Sunday 7 December 2014

Guardian - Comment is Free Swapping guns for Tasers won't stop cops who kill black people. What can? - 2 December 2014

hands up hat

Curbing excessive use of force is a good thing. Why do many people think the fix is to provide merely a different weapon of choice? Photograph: Alexey Furman/EPA
Would Michael Brown still be alive if cops were trained to reach for their stun gun, rather than their gun-guns?
But, as evidenced by the recent deaths of Israel Hernandez in Miami Beach, Florida, and Dominique Franklin Jr in Sauk Village, Illinois, stun guns are no guarantee that the overreaction of a law enforcement officer won’t result in the death of an innocent civilian.
On Friday, a report on the United States by the UN Committee against Torture offered clear evidence that Tasers are as lethal as firearms. In the cases of Hernandez and Franklin, both men were unarmed and tasered in circumstances where there was no real or immediate threat to the life of – or risk of serious injury to – the officer. The committee’s evaluation of the use by US law enforcement officials of stun guns – commonly referred to by the brand name Taser – calls on the authorities to “revise the regulations governing the use of such weapons with a view to establishing a high threshold for their use ... and subject to the principles of necessity and proportionality.”
In other words, the reputed non-lethality of stun guns is absolutely no reason for them to be drawn under vastly different circumstances than an officer would draw his gun.
In its annual report, Amnesty International found that, between 2001 and 2013, there were 540 deaths from police using stun guns. The weapons were also linked as a contributing factor in more than 60 other deaths, including the death of 17-year-old Darryl Turner, who died in March 2008 after being tasered in the chest for more than 40 seconds at the North Charlotte grocery store where he worked as a cashier. He suffered cardiac arrest and died at the scene. The subsequent litigation brought by Turner’s parents concluded that Taser International, which manufactures the weapon, failed to warn law enforcement officials of the risk of firing Tasers near an individual’s heart. The conclusions of the case were supported by May 2012 research from the American Heart Association. The report provided the first scientific evidence that Tasers (and other stun guns) can cause cardiac arrest and death.
It is a myth that stun guns are less lethal weapons capable of “saving lives” – and they do nothing to combat US law enforcement’s use of excessive force or racially discriminatory policing. In August, the UN Committee on the Elimination of Racial Discrimination urged police departments in the United States to stop using excessive force, and also found that black Americans were disproportionately the victims of police brutality.
In response to public concerns, officials in the United Kingdom are currently taking a critical look at British officers’ use of force.
Theresa May, the UK home secretary, ordered a national review in October after statistics suggested that a disproportionate percentage of victims of police Tasering “are from black or minority backgrounds”. The review is part of a wider transparency programme for the British police, which aims to curb the excessive use of force through increased scrutiny and training.
In the UK, there have been a number of deaths linked to stun-gun use, but none have been held to be caused by the weapon.

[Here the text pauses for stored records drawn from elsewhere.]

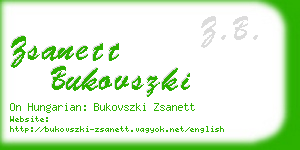 zsanett bukovszki business card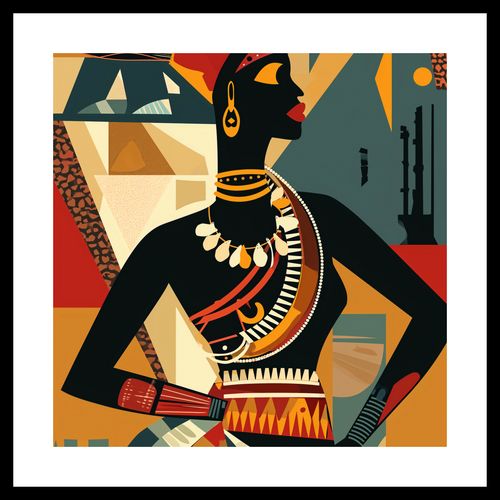 Plakat 30x30cm Afrykańska Mozaika na Arena.pl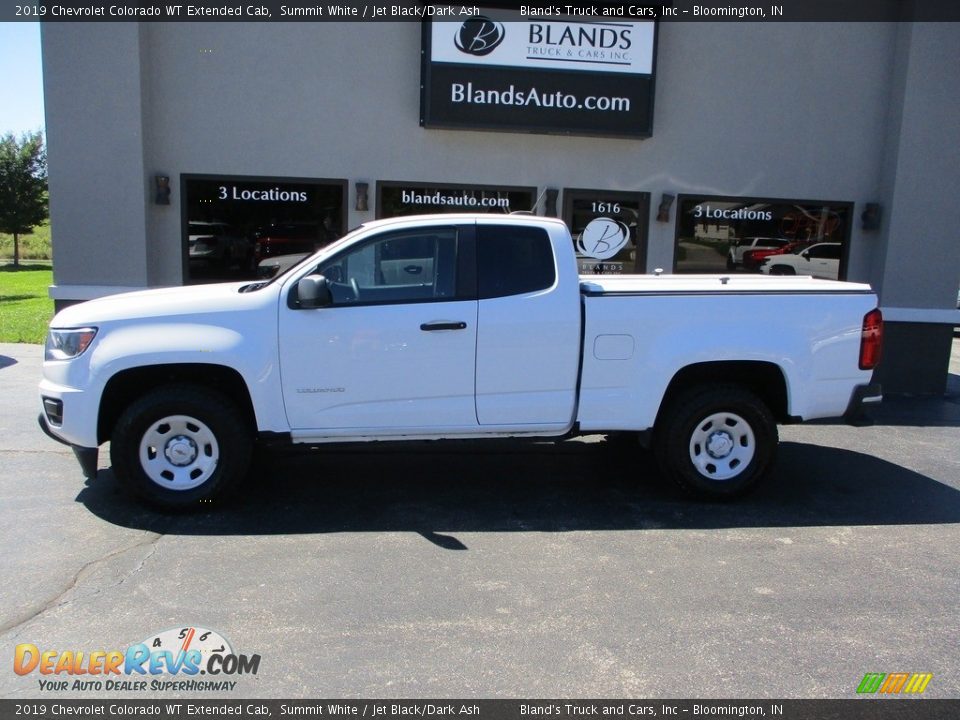 2019 Chevrolet Colorado WT Extended Cab Summit White / Jet Black/Dark Ash Photo #1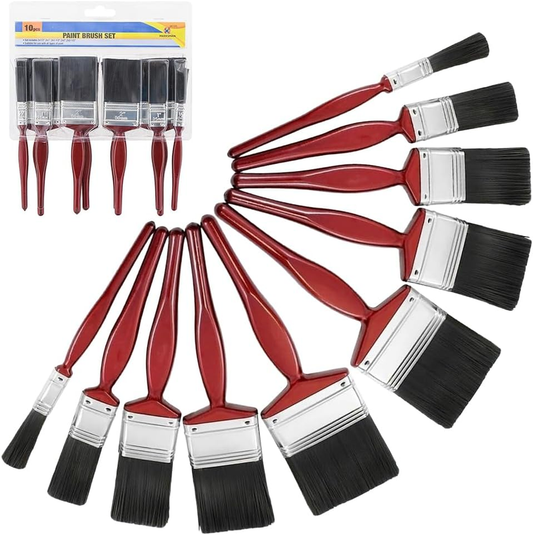 Paint Brush Set 10Pcs Professional Decorating Tools for Walls Ceilings DIY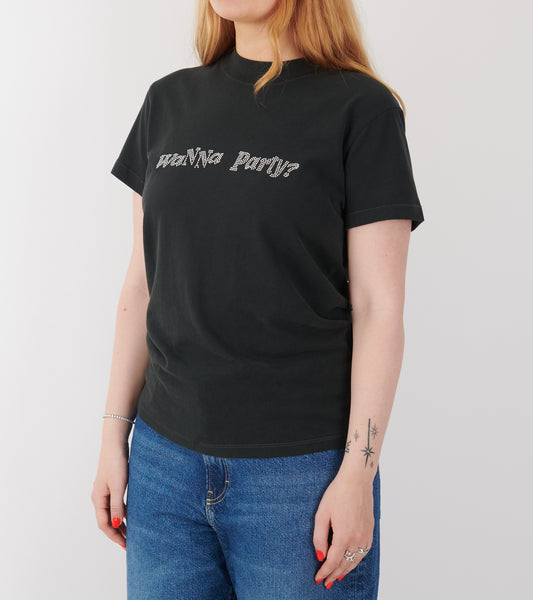 Wanna Party T-shirt Washed Black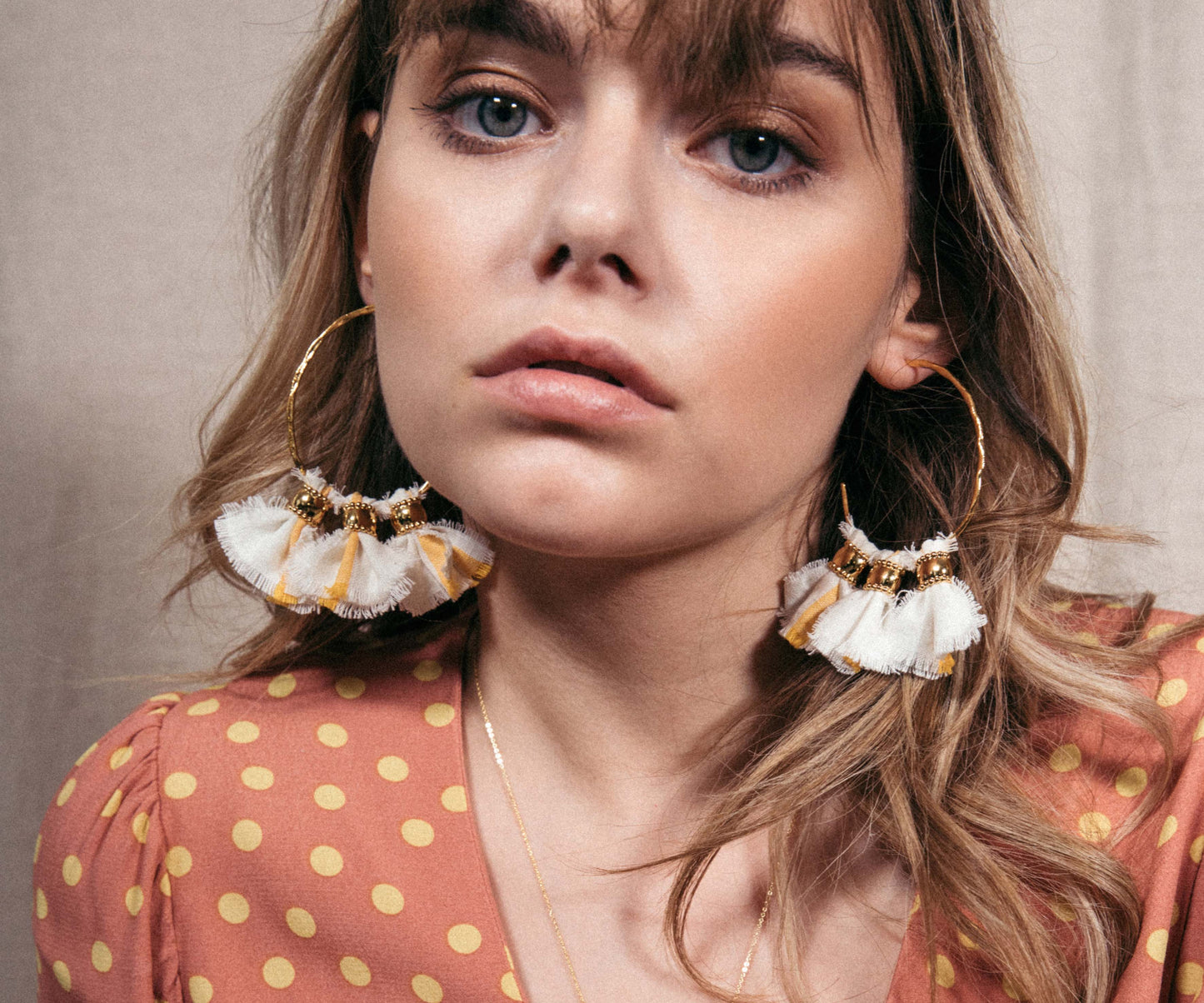 Elise Tsikis Paris Boucles d'oreilles Centaurée - archive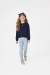 Conjunto Infantil Menina Trick Nick Inverno - Blusão e Legging Moletom com Babado em Tule e Bordado com Lantejoulas Flor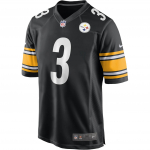 Nike Russell Wilson Pittsburgh Steelers V-kaelusega Dry Mugav Lahtine L&uuml;hikeste Varrukatega Jalgpallis&auml;rk Meeste s&auml;rk Must 67NMPTGH7LF-KZ4 S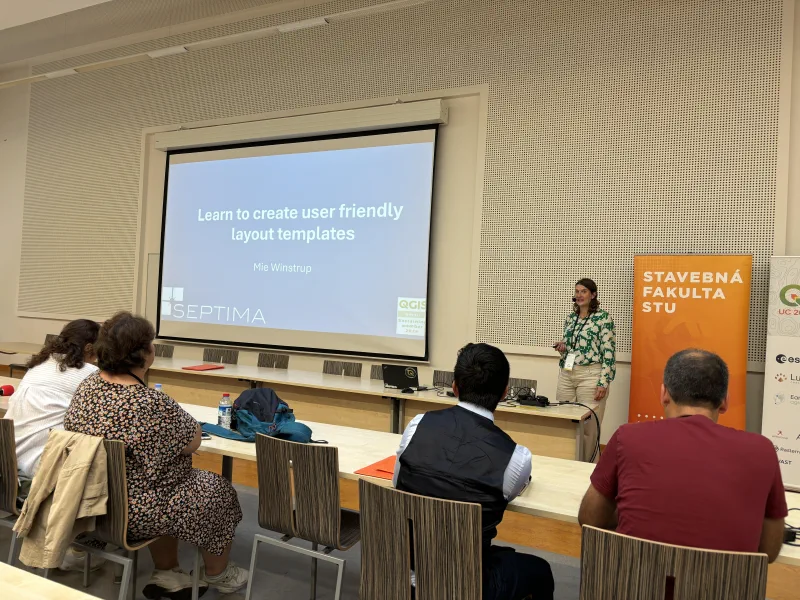 Mie Winstrup's talk on QGIS Layouts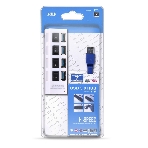 USB-концентратор Smartbuy (SBHA-7304-W) USB 3.0 хаб + выкл., 4 порта, белый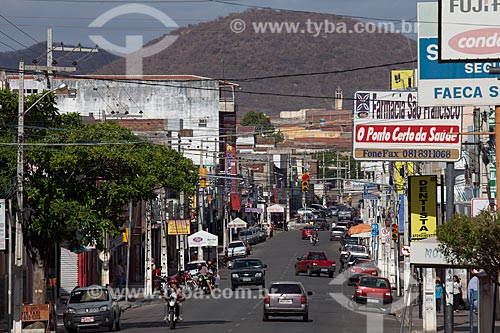  Subject: Transit at Enock Ignacio de Oliveira Street / Place: Serra Talhada city - Pernambuco state (PE) - Brazil / Date: 01/2013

May has asked Home Office officials and the national policing lead on Tasers to conduct an in-depth review of the publication of Taser data and the use of force by police officers, and those new measures are likely to see a reduction in the use of stun guns in the coming years. They ultimately help prevent any Taser-related deaths.
Rather than putting more weapons in more officers’ hands, the US ought to be considering a similar review. Curbing the excessive use of force is a good thing; it’s unclear why so many people think the way to do that is to provide alternate weapons for cops instead.
We need to change the way that black Americans are policed (and overpoliced), but we can’t until federal, state and local officials – indeed, officials across the world – acknowledge and take responsibility for the fact that police brutality routinely causes preventable deaths. It might be a shock to the system, but at least it won’t be a deadly one.

 http://gu.com/p/43nhz

Friday 25 July 2014

Opinion in The Lawyer - 25 July 2014

CV-blind policies are just one step in right direction

Last week Lawyer 2B reported that Macfarlanes had joined Clifford Chance and Mayer Brown in introducing a CV-blind policy to recruit trainee solicitors (16 July 2014). This is welcome news and a step that needs to be embraced by all law firms, not just City firms.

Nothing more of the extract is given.